I'm sitting here thinking out loud about the same thing. I have a Marcum I bought last winter and thinking of using it on my 14 foot boat. I called Marcum and they said you can actually use the ducer to "shine" throug the aluminum boat hull; they said to use a little vaseline between the ducer and the bottom of the boat. 

They mentioned it would be used mostly for depth and bottom determination, they didn't mention too many guys using it for summer jigging. 

But, damnit, that is what I was thinking of using it for - vertically jigging off the side of the boat, and watching the "takers" come up for my offering!
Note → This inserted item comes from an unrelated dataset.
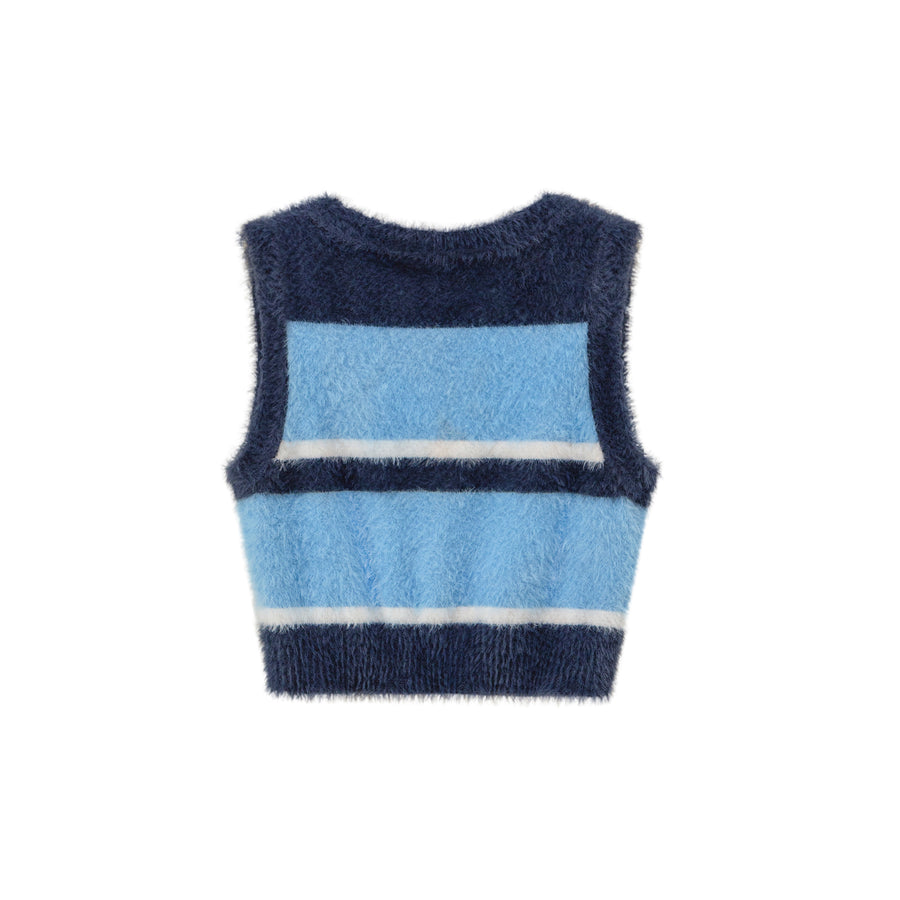 CHUU Truly Connect Striped V-Neck Furry Vest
Has anyone used one of these for jigging in the summer?


----------



## deadduck12 (Jan 15, 2004)

I used my vex last year perch fishing on the saginaw bay and walleye jigging in the river. The only problem was getting used to the constant moving up and down from waves and boat motion.


----------



## javelin (Sep 17, 2005)

My Lowrance on the front of my bass boat died over the winter and I put my vex up front and mounted the transducer on my trolling motor. It works AWESOME! I had planned on getting a new Lowrance for up front, however after several trips out I found the vex to serve the same purpose just as efficiently. I'm going to leave it on for the summer and continue to evaluate it. I'll let you know if my opinion changes.


----------



## ALLEYES (May 5, 2006)

Should work great. Flashers is what everybody used to use before the came out with Paper and LCD graphs.


----------



## ted stehney (Jun 1, 2004)

My Vex does double duty. Great for ice fishing, and also used on Canadian trips. I purchased another transducer that has a suction cup for attaching to the transom. Works great!


----------



## ih772 (Jan 28, 2003)

You can slip the iceducer down into a piece of PVC pipe to make a holder. Use the bottom lock feature to keep the display from going up and down.


----------



## FISH21 (Mar 13, 2004)

I bought a marcum lx-3 last winter and now have it mounted on my 14 ft boat. I got the puck transducer and mounted it to my trolling motor. It works great, when I was fishing the river I could see my jig underneath while I was jigging it, you just have to stay directly underneath the transducer which is kind of hard in moving water.


----------



## fishwiz (Oct 18, 2005)

I also use mine for double duty, It up front in the summer
I just put a different transducer on the trolling motor, works
great...


----------



## Whiteriver River Rat (Apr 26, 2006)

I have a ice fishing Vexilar. Went to Gander Mnt. and got a boat rigging outfit for it


----------



## bucknuts33 (Mar 5, 2006)

Mine works well with both ice-ducer and alumaducer.Take it to Canada and the local reservoir.Can be a bit jumpy in heavier waves but other than that is great.


----------